What is being asked = Output, exactly and with no pictures, the line that contains "16 января 2026 г.Щука." and every line that comes after it in the data below, the last one included.

Supplied material =
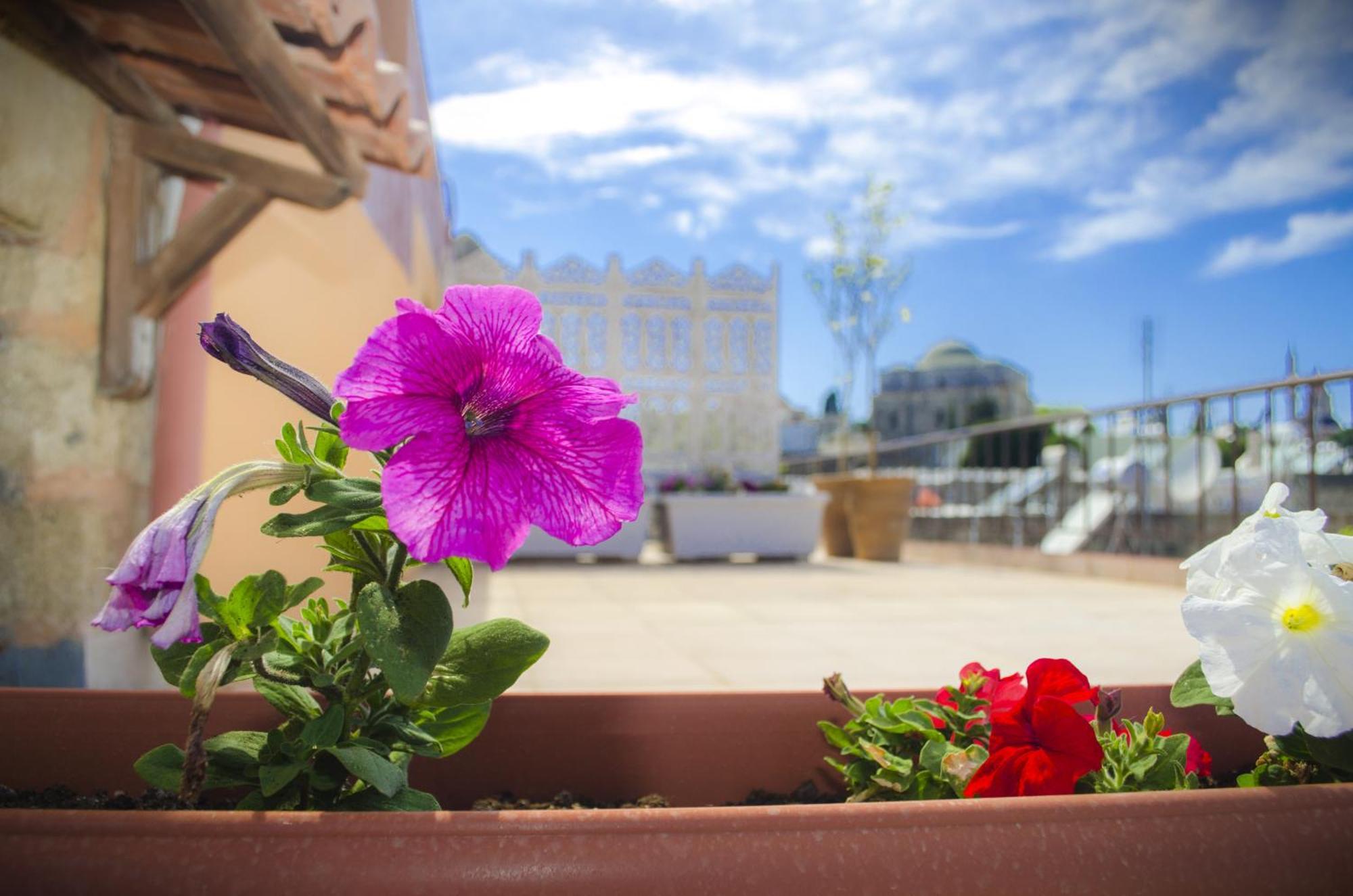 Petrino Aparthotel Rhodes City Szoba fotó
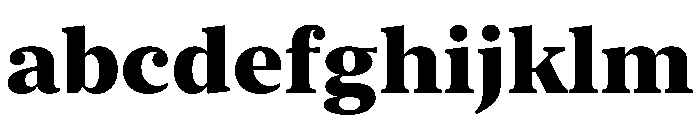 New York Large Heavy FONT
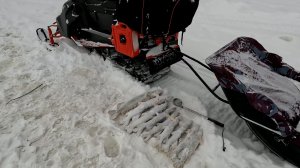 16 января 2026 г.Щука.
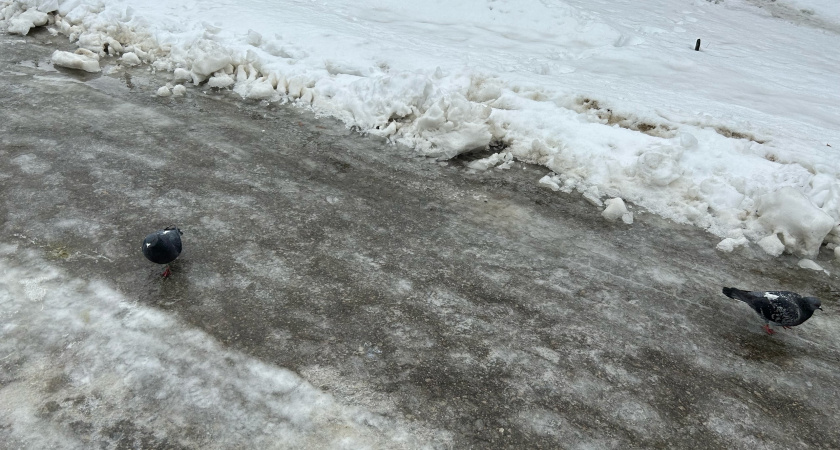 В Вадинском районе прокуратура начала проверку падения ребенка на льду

Response area =
 16 января 2026 г.Щука.
 В Вадинском районе прокуратура начала проверку падения ребенка на льду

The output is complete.